● What to do
Only the lines from the one containing "Casa à venda" through the end of the data are wanted, reproduced exactly and without pictures.

● Supplied material
=== Section Start ===
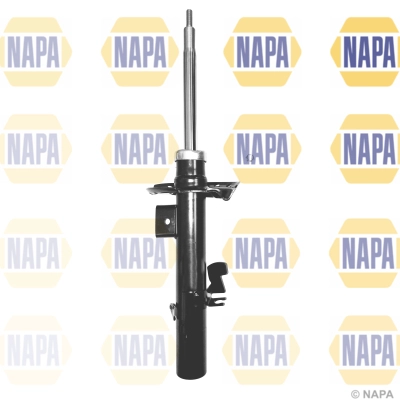 Amortisseur NAPA NSA1517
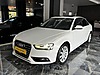 İkinci El Audi A4
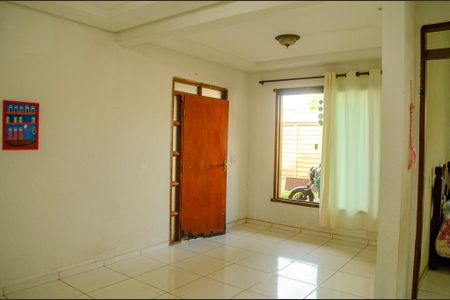 Casa à venda com 3 quartos, 150m² em Residencial Sonho Verde , Goiânia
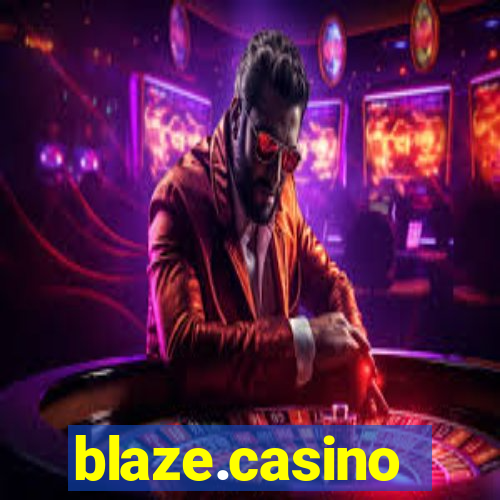 blaze.casino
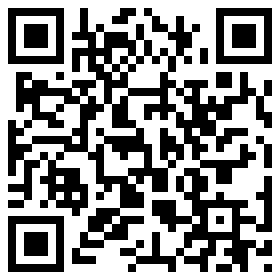 qrcode für Perle 05051420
=== Section End ===
● Task solution
 Casa à venda com 3 quartos, 150m² em Residencial Sonho Verde , Goiânia
 blaze.casino
 qrcode für Perle 05051420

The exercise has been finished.